A partnership is a form of business where two or more people share ownership, as well as the responsibility for managing the company and the income or losses the business generates. That income is paid to partners, who then claim it on their personal tax returns – the business is not taxed separately, as corporations are, on its profits or losses. Limited liability company or simply company is a business entity with all the protection of a corporation plus the ability to pass through any business profits and losses to your personal income tax return.
The following are differences between a company and Partnership
Name – A partnership cannot use the word “limited” in its name.
No separate legal personality – a partnership has no separate legal personality, separate from its partners/members of the partnership. However, a company does have a separate personality from its shareholders. A company owns its property, not the shareholders. Partners own the partnership property.
Limitation of Personal Liability– a partnership has unlimited liability for all the debts of the firm whereas shareholders in a company have liability limited.
Succession – when one partner dies, the partnership is dissolved unless the partnership agreement provides otherwise. However, a company has “perpetual succession”. Shareholders may die but the company continues until it is wound up.
Management – a partnership is managed by the partners together – they are the shareholders, managers and workers. A company is managed by the directors not the shareholders.

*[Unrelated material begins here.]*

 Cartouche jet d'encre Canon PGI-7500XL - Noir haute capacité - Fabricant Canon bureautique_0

Shares – partners have a share in a partnership as agreed between them. A partner’s share cannot be transferred without the consent of the other partners. In reality there is not a substantial difference in the definition of a share between a company and a partnership. Size – a partnership can have between 2 and 20 partners, except solicitors and accountants. A private company can have more and a public company can have 7 or more shareholders.
Regulation – a company has memorandum & Articles of Association and a partnership usually has a Partnership Agreement to regulate its affairs.

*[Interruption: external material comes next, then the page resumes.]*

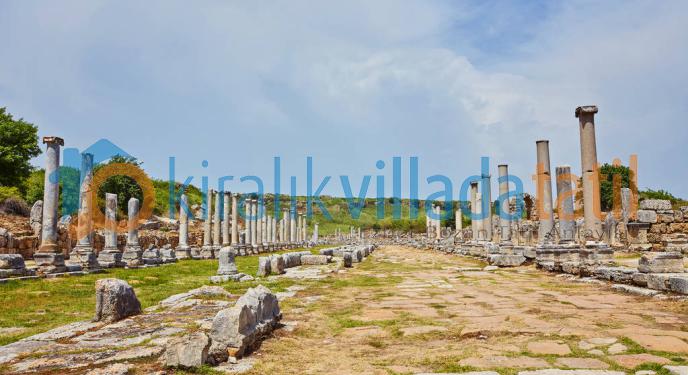 Eşsiz Tarih Hazinesiyle: Patara Antik Kenti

Taxation – it is often said that partnerships are tax-transparent. Tax is paid by the partners on the profits each partner makes at the usual income tax levels for an individual. A company, being a separate legal personality, pays corporation tax but in addition to this, the shareholders will pay tax on any dividends received from the company.
Accounts – Partnerships are not required to file accounts in the Company records office. Companies must file accounts at the Company records office. Therefore while a lot of a company’s financial details are a matter of public record, Partnerships financial details are kept private.